● **Work item**
Given the listing below, write out exactly the lines starting with the line that has "JHJN Winter Woman" and going on through the line that has "Bulldogs Football Long", both kept.

:: Given records

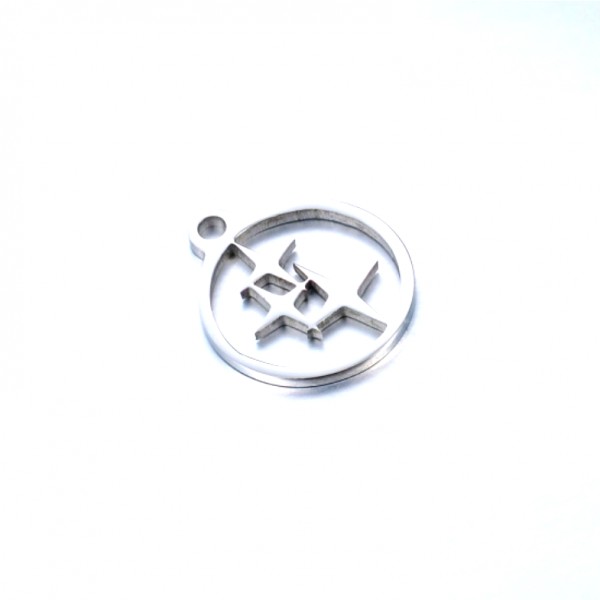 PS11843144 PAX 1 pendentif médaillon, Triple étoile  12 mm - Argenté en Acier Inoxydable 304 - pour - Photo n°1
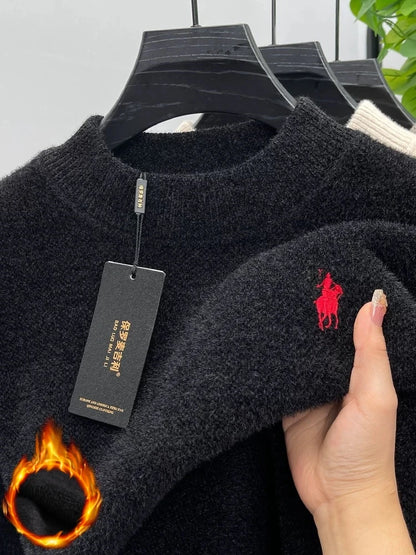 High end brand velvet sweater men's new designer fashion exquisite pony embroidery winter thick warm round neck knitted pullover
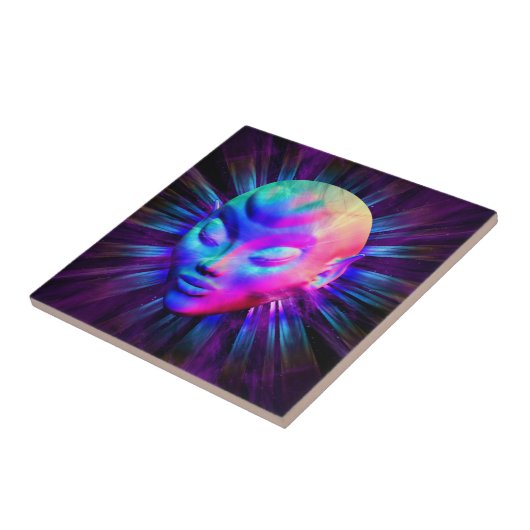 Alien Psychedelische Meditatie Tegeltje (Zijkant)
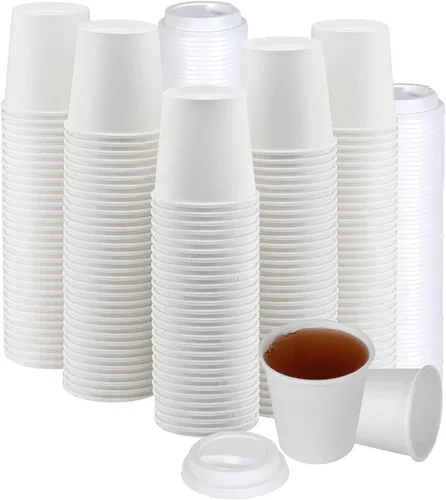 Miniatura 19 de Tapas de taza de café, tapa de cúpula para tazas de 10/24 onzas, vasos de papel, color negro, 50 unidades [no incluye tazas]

::::
:: Given records

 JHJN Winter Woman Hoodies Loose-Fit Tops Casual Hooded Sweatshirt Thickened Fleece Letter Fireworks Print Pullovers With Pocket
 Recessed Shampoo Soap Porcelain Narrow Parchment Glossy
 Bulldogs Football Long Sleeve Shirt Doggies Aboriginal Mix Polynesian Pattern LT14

::::

● **Written response**
 JHJN Winter Woman Hoodies Loose-Fit Tops Casual Hooded Sweatshirt Thickened Fleece Letter Fireworks Print Pullovers With Pocket
 Recessed Shampoo Soap Porcelain Narrow Parchment Glossy
 Bulldogs Football Long Sleeve Shirt Doggies Aboriginal Mix Polynesian Pattern LT14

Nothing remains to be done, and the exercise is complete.